The Trump administration has formally outlined a series of changes to how US universities should handle sexual assault allegations, a shift raising protests from both rights activists and sector leaders.
Key points of the changes would allow campuses to set higher bars for affirming complaints of sexual harassment and assault, give the accused a right to indirectly question accusers, and reduce their institutional liability.
The coming revisions also would limit institutional authority to investigate campus-related events, give institutions more flexibility in crafting solutions to help the victim, and let the accuser as well as the accused appeal an adverse ruling.
The changes are aimed at providing “clear policies and fair processes that every student can rely on”, education secretary Betsy DeVos said in a statement. “We can, and must, condemn sexual violence and punish those who perpetrate it, while ensuring a fair grievance process,” she said.
The federal government has the authority to set such rules under its power to withhold federal student aid eligibility from institutions that do not comply.
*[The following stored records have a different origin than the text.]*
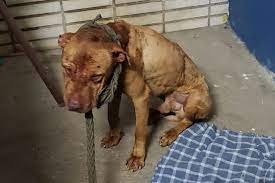 Những trường hợp thương tâm khi chó Pitbull nổi điên tấn công người: Mẹ bất lực gào thét hoảng loạn, em bé 11 tháng tuổi chết tức tưởi-2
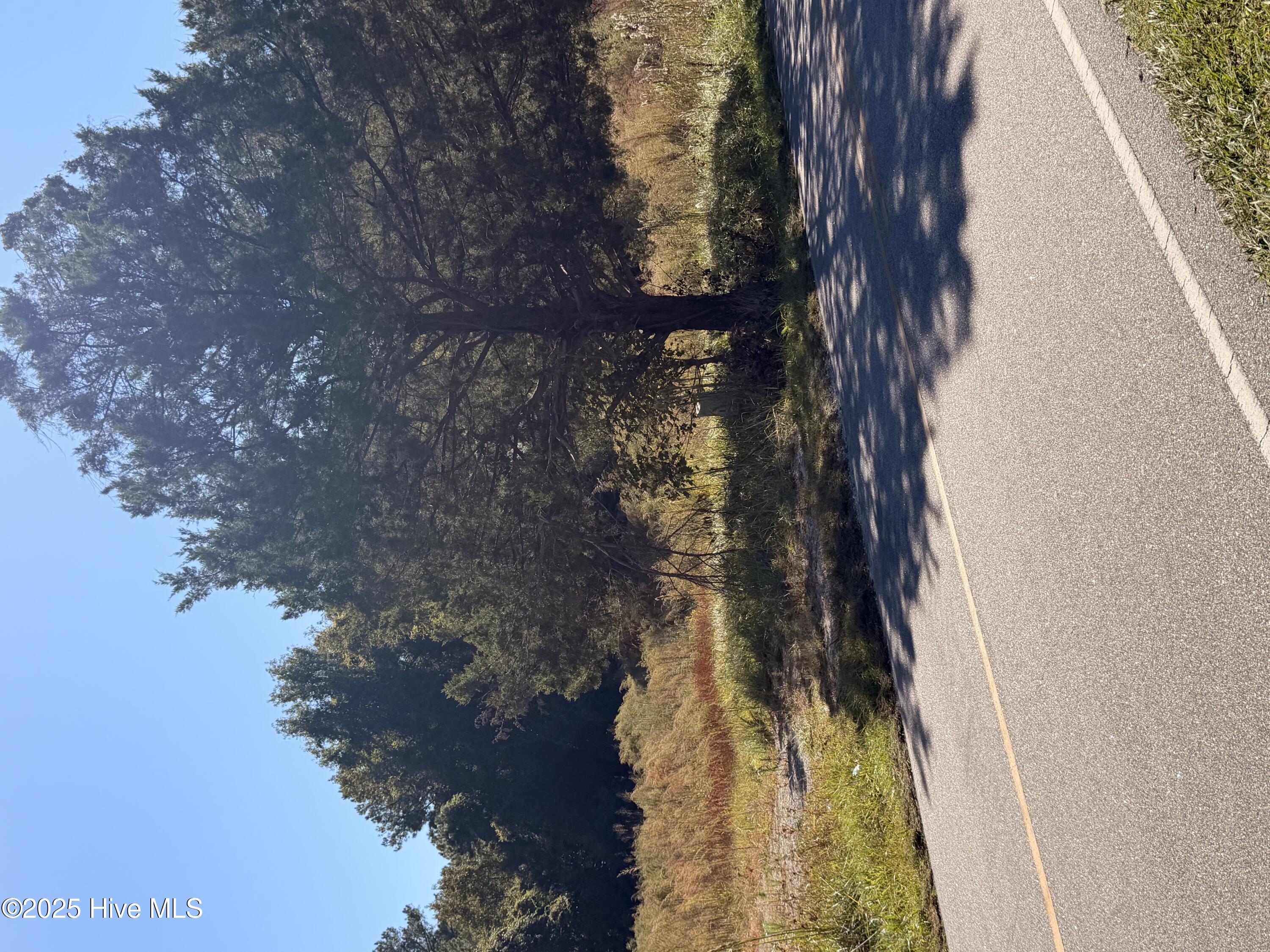 127 Verona Road Jacksonville, NC 28540 - Photo 7 of 7 IMG_0064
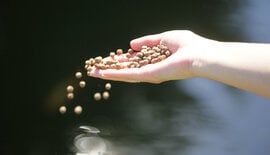 Koi wel of niet voeren in de winter? Zo voer je jouw koi optimaal tijdens de winter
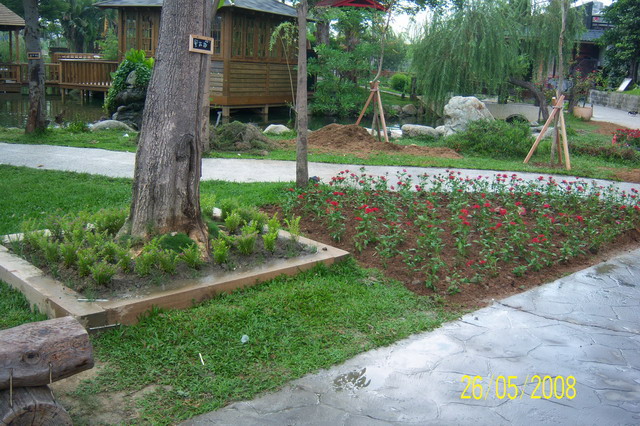 按此在新視窗瀏覽圖片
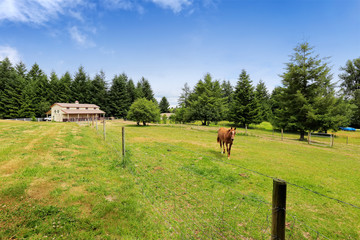 Horse walking on large farm field with a barn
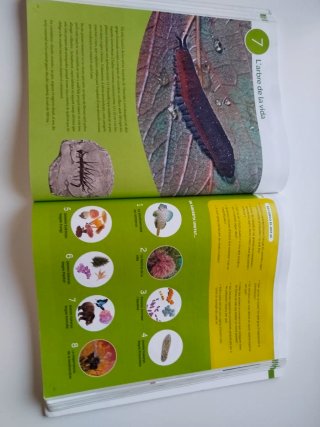 BIOLOGIA 1 Batxillerat CONSTRUINT MONS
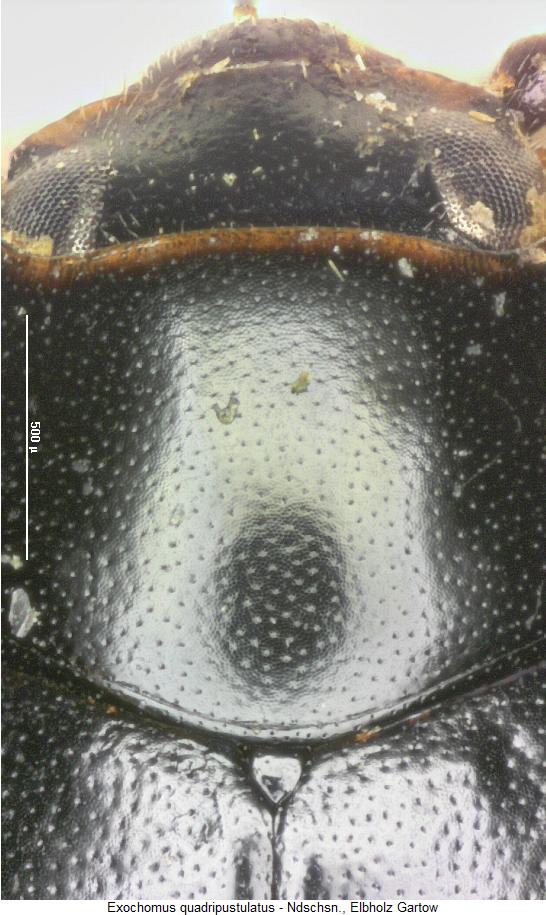exochomus_quadripustulatus_hsch.jpg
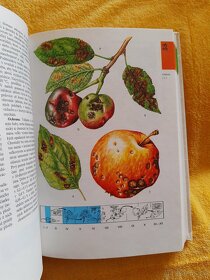 Atlas chorôb a škodcov ovocných stromov a viniča - 5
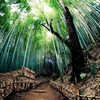 竹林の小径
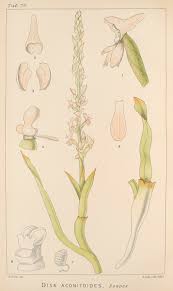 Image result for Disa aconitoides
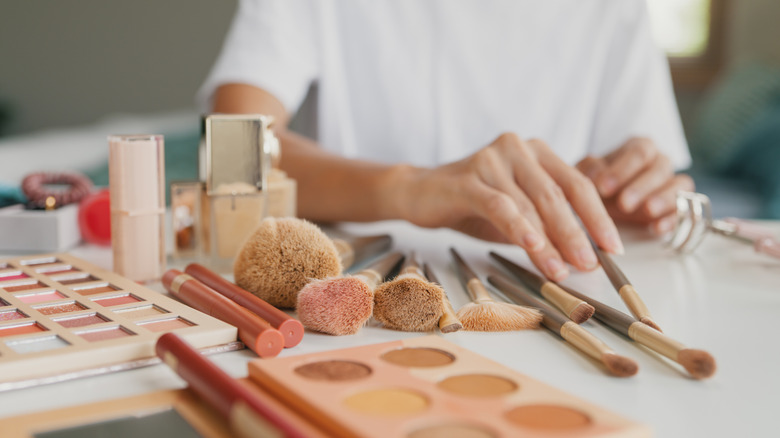 Người phân loại mỹ phẩm và cọ trang điểm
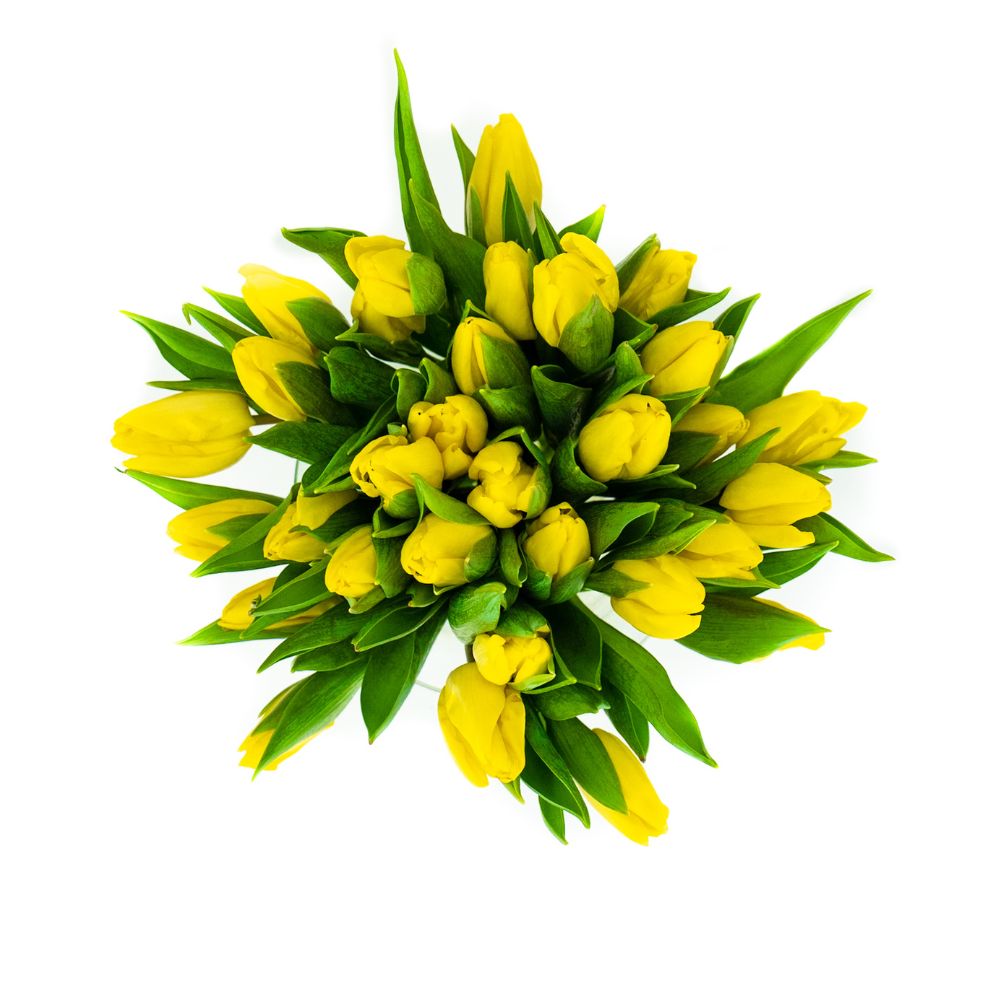 Verse Gele Tulpen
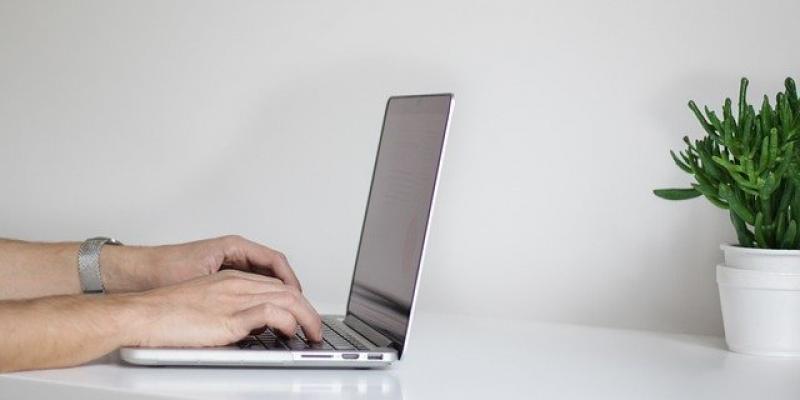 Consultar la cuantía a cobrar del paro Persona utilizando un ordenador / Pixabay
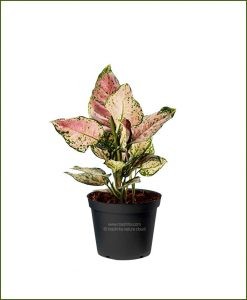 Aglaonema-Lady-Valentine_Mashrita_Nature_Cloud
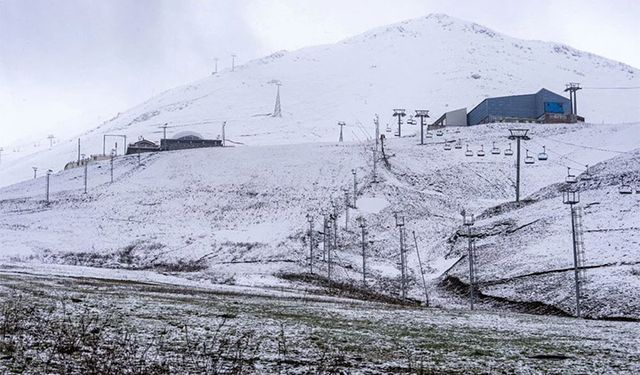 Van'da kar yağışı etkili oldu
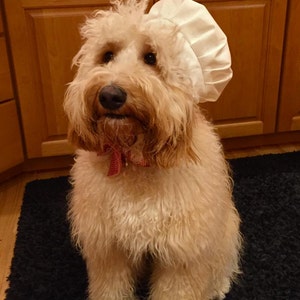 Chef Hat for Dogs, Dog Costume, Hats for dogs, Dog Hat imagem 4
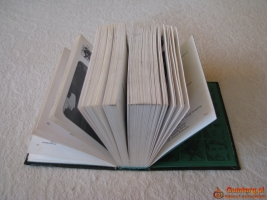 Sylwetki radzieckiego ekranu Galina Dołmatowska, Irina Szyłowa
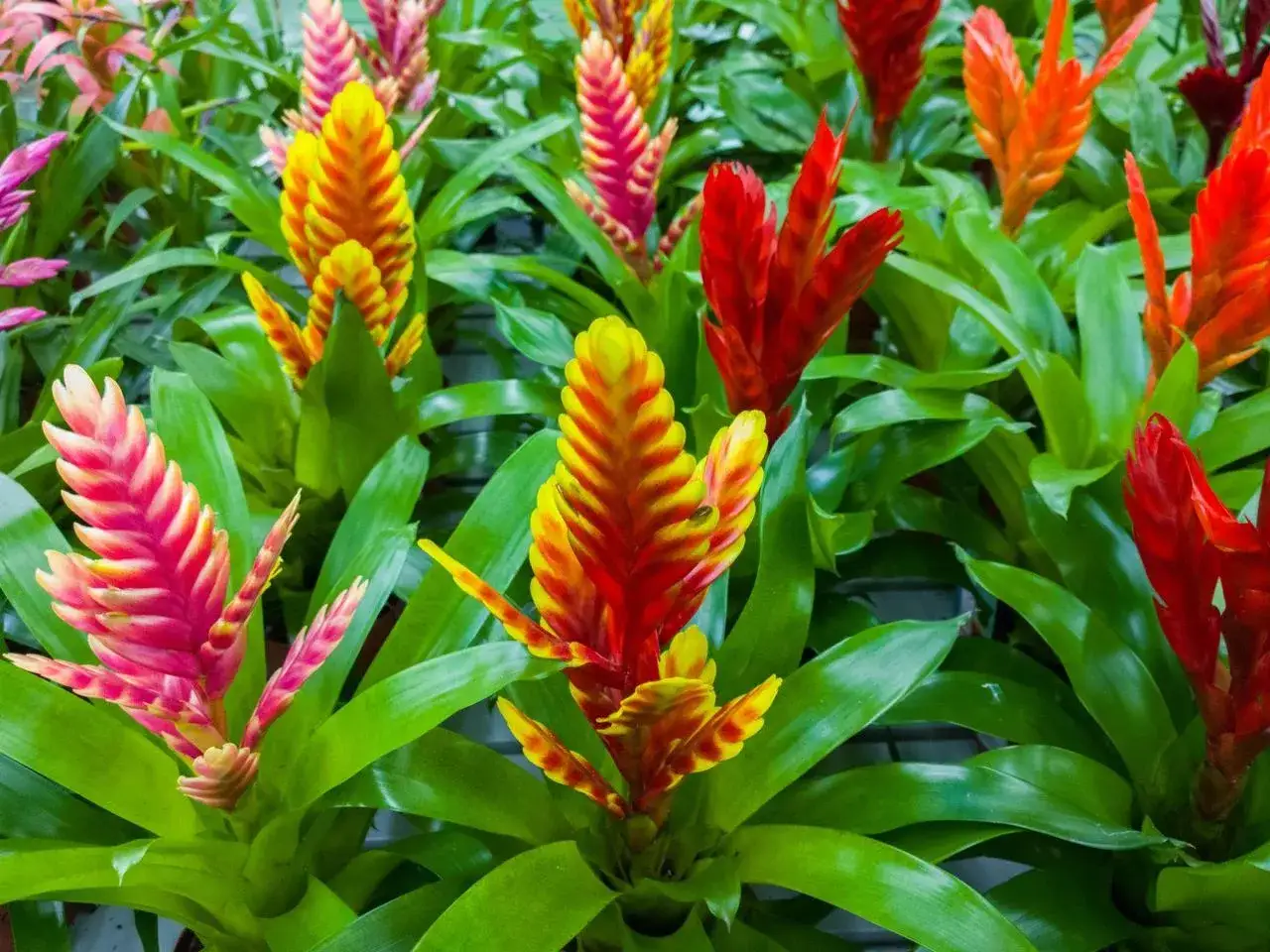 Kolorowe kwiatostany bromelii, przypominające pióropusze, w odcieniach różu, żółci i czerwieni, otoczone soczyście zielonymi liśćmi. To piękna frizea po przekwitnięciu, która nadal zachwyca barwami.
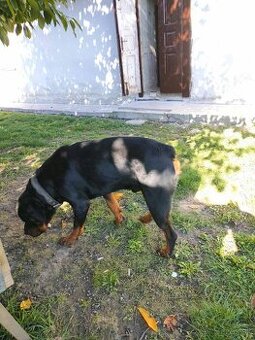 Rotvajler, rottweiler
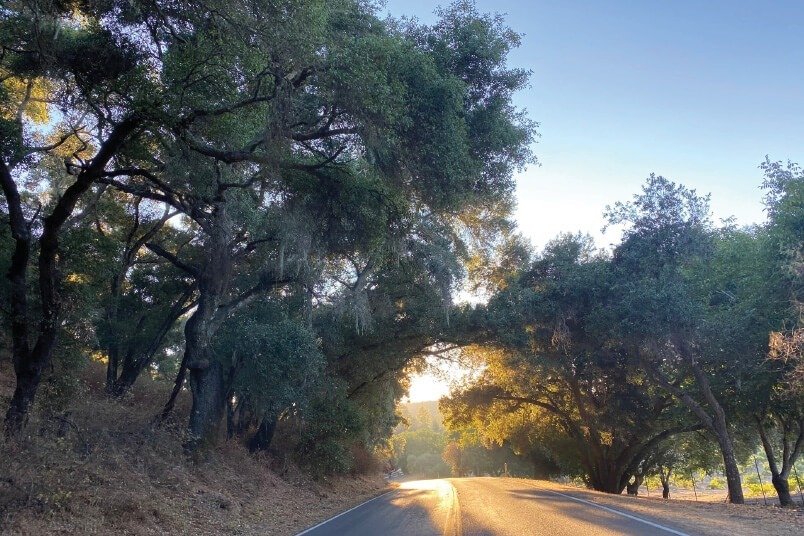 Vineyard Drive, Templeton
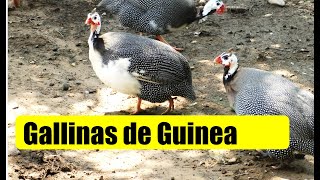 GALLINAS DE GUINEA GALLINETAS GALLINA GRIS [upl. by Chrisoula]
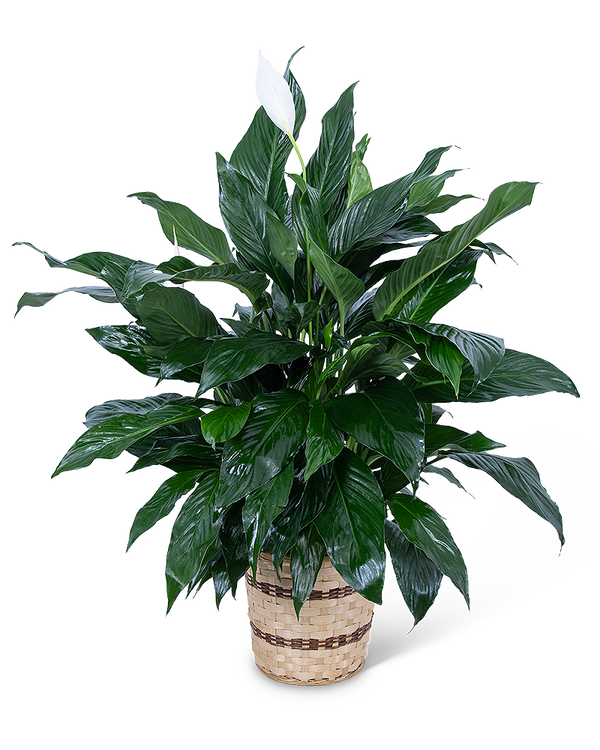 Medium Peace Lily Plant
Federal rules dating to 1972 forbid sex-based discrimination at such institutions and require them to act on complaints they receive. The revisions proposed by Ms DeVos now must pass through a two-month period of formal public consultation before they take effect.
As the outline of the administration’s intentions became public knowledge in recent weeks, some experts inside and outside higher education described certain provisions – including giving those accused a right to pose questions, and setting a tougher standard for judging their guilt – as threats to victims’ rights.
The American Council on Education, the umbrella organisation for US higher education, said that the rules around a complex and emotional process needed to be clarified, and said that it supported the suggestion in the new rules of mediation as another option that can be offered in cases of sexual harassment or abuse.
But an ACE official said that the idea of a “live hearing” with “cross-examination” of the accuser sounded far too legalistic for an on-campus format intended to put a sexual assault victim at ease.
“This apparently would permit one student to hire a highly paid legal pit bull to grill another student in a campus disciplinary hearing,” said Terry Hartle, ACE’s senior vice president for government and public affairs.
The new rules, however, do continue to allow some flexibility in campus adjudication processes, and even some help for victims. One aspect of the DeVos plan would let either side appeal an adverse ruling, and not just the accused.
The DeVos plan also would clearly overturn informal guidance offered in the Obama administration that directed institutions to look for a “preponderance of the evidence” in assessing a claim. The DeVos plan would allow a higher bar of “clear and convincing” evidence.
And the guidelines call on institutions to consider a wider range of responses to complaints, including supportive measures that some victims have sought, such as schedule changes or housing reassignments.
Other changes described by Ms DeVos seem more clearly helpful to the accused. One would give the accused the right to cross-examine accusers. The questioning, however, would have to be done by a third party, such as an attorney, and could not involve questions about an accuser’s sexual history.
The DeVos plan also would tighten the broad Obama administration definition of sexual harassment as “unwelcome conduct of a sexual nature”. The DeVos language would limit that definition to a college employee conditioning a benefit on sexual conduct; a criminal act of sexual assault; or unwelcome sexual conduct that denies an educational benefit and that is also “severe, pervasive and objectively offensive”.
The new administration language also would require a complaint to be filed with a specific office – such as a sexual harassment complaint coordinator – in order for the college to be considered formally aware of the complaint. It also would require the incident to have occurred on campus or in a university-sanctioned activity, thereby ruling out events such as off-campus parties.
Some activists believe colleges have no business handling any sexual assault allegations, regardless of location, given the history of incidents in which colleges have failed to respond appropriately. Just this week, seven current and former students at Dartmouth College filed a suit against the institution detailing a long-running culture of sexual abuse by their psychology professors that dated back as far as 2002.
Denise Krepp, an attorney who said she was fired after she tried to pursue a long-running sexual abuse scandal at the US Merchant Marine Academy, said Ms DeVos is making the mistake of “building on a system that shouldn’t exist”.
“We don’t let colleges adjudicate murders,” Ms Krepp said. “Why are we telling them to adjudicate rape cases?”
But federal rules only set out on-campus processes as a more comfortable option, not a requirement, for any victim who would prefer to go straight to the police, Mr Hartle said. “Our goal”, he said of universities, “is to support the survivor and to be fair to both parties.”